**Records for this task:**
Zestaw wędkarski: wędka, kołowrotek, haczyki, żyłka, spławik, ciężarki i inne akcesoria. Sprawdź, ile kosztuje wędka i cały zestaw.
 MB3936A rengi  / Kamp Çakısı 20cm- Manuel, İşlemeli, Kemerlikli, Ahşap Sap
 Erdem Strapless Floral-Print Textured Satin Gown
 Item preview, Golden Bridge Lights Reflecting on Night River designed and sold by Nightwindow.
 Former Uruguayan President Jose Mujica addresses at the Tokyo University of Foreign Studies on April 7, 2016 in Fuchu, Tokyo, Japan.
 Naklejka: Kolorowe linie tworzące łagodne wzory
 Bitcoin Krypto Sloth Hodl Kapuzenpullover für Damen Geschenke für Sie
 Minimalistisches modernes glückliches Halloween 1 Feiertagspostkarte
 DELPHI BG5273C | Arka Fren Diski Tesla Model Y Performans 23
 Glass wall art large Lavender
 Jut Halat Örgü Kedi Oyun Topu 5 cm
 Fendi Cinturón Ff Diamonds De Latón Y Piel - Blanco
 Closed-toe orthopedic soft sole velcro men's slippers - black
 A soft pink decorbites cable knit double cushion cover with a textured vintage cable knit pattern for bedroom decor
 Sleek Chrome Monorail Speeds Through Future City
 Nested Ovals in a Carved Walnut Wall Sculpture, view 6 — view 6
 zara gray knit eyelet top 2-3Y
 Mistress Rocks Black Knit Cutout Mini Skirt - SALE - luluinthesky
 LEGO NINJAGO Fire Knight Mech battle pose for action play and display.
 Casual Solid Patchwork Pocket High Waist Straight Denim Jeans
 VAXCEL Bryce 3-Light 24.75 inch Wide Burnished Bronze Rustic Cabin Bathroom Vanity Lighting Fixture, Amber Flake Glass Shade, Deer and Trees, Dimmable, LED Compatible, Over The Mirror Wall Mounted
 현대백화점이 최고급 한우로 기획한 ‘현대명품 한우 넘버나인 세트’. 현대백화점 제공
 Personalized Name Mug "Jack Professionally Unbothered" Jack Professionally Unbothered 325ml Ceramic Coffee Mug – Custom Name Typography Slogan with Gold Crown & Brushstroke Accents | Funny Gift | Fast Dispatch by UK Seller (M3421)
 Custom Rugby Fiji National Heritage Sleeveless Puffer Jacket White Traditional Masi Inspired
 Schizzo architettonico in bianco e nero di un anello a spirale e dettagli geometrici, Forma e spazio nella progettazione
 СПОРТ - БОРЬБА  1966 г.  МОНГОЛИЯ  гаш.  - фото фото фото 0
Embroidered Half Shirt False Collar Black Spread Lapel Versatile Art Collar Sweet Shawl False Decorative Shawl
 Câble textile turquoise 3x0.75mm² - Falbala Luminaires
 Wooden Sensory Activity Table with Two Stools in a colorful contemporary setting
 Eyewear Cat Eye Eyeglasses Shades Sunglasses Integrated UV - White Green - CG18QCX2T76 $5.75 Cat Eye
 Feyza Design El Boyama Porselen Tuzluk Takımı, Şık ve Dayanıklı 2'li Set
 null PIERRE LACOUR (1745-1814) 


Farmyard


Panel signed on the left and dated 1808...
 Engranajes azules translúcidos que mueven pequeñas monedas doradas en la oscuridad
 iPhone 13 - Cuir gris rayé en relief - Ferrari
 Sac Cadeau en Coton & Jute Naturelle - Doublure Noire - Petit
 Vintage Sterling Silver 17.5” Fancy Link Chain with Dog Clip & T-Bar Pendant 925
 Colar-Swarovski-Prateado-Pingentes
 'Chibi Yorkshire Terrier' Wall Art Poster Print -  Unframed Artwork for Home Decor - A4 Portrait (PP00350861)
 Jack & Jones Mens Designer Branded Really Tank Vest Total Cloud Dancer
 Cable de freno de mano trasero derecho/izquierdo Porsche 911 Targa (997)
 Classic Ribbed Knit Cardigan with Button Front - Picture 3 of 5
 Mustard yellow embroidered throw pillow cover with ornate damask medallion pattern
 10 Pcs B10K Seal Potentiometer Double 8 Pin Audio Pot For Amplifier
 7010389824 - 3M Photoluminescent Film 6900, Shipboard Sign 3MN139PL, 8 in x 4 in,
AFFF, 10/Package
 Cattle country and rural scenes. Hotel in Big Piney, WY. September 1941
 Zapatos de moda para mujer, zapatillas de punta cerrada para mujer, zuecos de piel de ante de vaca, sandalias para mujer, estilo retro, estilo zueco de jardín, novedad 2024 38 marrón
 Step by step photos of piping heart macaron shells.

**Your goal:** Transcribe the entries above word for word, from the first line through the line containing "zara gray knit eyelet top 2-3Y", and nothing else.

**Output below:**
Zestaw wędkarski: wędka, kołowrotek, haczyki, żyłka, spławik, ciężarki i inne akcesoria. Sprawdź, ile kosztuje wędka i cały zestaw.
 MB3936A rengi  / Kamp Çakısı 20cm- Manuel, İşlemeli, Kemerlikli, Ahşap Sap
 Erdem Strapless Floral-Print Textured Satin Gown
 Item preview, Golden Bridge Lights Reflecting on Night River designed and sold by Nightwindow.
 Former Uruguayan President Jose Mujica addresses at the Tokyo University of Foreign Studies on April 7, 2016 in Fuchu, Tokyo, Japan.
 Naklejka: Kolorowe linie tworzące łagodne wzory
 Bitcoin Krypto Sloth Hodl Kapuzenpullover für Damen Geschenke für Sie
 Minimalistisches modernes glückliches Halloween 1 Feiertagspostkarte
 DELPHI BG5273C | Arka Fren Diski Tesla Model Y Performans 23
 Glass wall art large Lavender
 Jut Halat Örgü Kedi Oyun Topu 5 cm
 Fendi Cinturón Ff Diamonds De Latón Y Piel - Blanco
 Closed-toe orthopedic soft sole velcro men's slippers - black
 A soft pink decorbites cable knit double cushion cover with a textured vintage cable knit pattern for bedroom decor
 Sleek Chrome Monorail Speeds Through Future City
 Nested Ovals in a Carved Walnut Wall Sculpture, view 6 — view 6
 zara gray knit eyelet top 2-3Y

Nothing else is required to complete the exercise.